[Data for review — start]

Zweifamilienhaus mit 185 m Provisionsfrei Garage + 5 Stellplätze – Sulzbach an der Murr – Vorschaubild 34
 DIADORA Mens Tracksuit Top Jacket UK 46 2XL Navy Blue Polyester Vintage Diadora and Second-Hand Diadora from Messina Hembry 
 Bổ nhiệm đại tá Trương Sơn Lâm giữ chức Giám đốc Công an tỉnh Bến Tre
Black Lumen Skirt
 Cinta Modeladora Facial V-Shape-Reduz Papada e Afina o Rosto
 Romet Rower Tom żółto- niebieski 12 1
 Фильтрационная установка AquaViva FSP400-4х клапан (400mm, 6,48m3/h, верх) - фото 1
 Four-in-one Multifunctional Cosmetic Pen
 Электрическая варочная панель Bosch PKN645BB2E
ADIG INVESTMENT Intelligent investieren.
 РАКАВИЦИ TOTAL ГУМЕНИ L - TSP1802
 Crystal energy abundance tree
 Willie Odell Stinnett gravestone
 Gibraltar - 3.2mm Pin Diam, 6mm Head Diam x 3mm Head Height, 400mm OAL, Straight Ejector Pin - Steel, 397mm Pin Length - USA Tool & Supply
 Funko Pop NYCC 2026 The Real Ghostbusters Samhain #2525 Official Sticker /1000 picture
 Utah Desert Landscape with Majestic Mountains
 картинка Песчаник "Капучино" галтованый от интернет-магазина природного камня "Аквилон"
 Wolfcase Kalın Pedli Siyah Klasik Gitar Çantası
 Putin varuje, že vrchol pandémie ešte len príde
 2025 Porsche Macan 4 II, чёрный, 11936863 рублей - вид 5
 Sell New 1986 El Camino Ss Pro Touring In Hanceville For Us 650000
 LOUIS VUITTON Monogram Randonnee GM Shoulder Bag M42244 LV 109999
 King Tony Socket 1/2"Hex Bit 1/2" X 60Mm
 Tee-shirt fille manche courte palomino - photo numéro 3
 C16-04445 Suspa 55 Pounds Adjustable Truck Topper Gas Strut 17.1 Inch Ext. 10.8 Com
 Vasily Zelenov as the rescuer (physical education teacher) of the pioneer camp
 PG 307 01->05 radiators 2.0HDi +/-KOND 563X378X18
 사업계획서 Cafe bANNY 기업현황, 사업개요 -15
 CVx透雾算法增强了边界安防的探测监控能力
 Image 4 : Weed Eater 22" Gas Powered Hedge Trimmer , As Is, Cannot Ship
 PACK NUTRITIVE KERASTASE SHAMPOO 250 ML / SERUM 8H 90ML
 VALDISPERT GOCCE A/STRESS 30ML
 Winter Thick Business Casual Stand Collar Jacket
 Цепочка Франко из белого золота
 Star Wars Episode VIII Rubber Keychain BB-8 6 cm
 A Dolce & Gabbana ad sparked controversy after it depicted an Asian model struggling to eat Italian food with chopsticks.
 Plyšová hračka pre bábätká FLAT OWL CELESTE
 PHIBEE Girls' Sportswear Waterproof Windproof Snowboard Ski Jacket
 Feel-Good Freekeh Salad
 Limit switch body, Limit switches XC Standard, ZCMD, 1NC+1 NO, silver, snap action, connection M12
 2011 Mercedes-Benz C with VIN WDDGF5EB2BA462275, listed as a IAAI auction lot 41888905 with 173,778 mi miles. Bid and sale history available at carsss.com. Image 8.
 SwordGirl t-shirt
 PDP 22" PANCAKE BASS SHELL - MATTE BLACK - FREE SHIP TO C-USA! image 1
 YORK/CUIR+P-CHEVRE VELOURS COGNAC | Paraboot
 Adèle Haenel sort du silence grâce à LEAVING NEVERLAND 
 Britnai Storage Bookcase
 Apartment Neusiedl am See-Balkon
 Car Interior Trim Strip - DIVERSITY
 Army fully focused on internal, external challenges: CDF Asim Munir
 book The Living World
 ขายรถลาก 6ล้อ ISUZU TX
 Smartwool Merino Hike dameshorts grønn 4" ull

[Data for review — finish]

Print the first line of the records above and each line after it, exactly, through the line with "Sell New 1986".

• _Expected answer_:
Zweifamilienhaus mit 185 m Provisionsfrei Garage + 5 Stellplätze – Sulzbach an der Murr – Vorschaubild 34
 DIADORA Mens Tracksuit Top Jacket UK 46 2XL Navy Blue Polyester Vintage Diadora and Second-Hand Diadora from Messina Hembry 
 Bổ nhiệm đại tá Trương Sơn Lâm giữ chức Giám đốc Công an tỉnh Bến Tre
Black Lumen Skirt
 Cinta Modeladora Facial V-Shape-Reduz Papada e Afina o Rosto
 Romet Rower Tom żółto- niebieski 12 1
 Фильтрационная установка AquaViva FSP400-4х клапан (400mm, 6,48m3/h, верх) - фото 1
 Four-in-one Multifunctional Cosmetic Pen
 Электрическая варочная панель Bosch PKN645BB2E
ADIG INVESTMENT Intelligent investieren.
 РАКАВИЦИ TOTAL ГУМЕНИ L - TSP1802
 Crystal energy abundance tree
 Willie Odell Stinnett gravestone
 Gibraltar - 3.2mm Pin Diam, 6mm Head Diam x 3mm Head Height, 400mm OAL, Straight Ejector Pin - Steel, 397mm Pin Length - USA Tool & Supply
 Funko Pop NYCC 2026 The Real Ghostbusters Samhain #2525 Official Sticker /1000 picture
 Utah Desert Landscape with Majestic Mountains
 картинка Песчаник "Капучино" галтованый от интернет-магазина природного камня "Аквилон"
 Wolfcase Kalın Pedli Siyah Klasik Gitar Çantası
 Putin varuje, že vrchol pandémie ešte len príde
 2025 Porsche Macan 4 II, чёрный, 11936863 рублей - вид 5
 Sell New 1986 El Camino Ss Pro Touring In Hanceville For Us 650000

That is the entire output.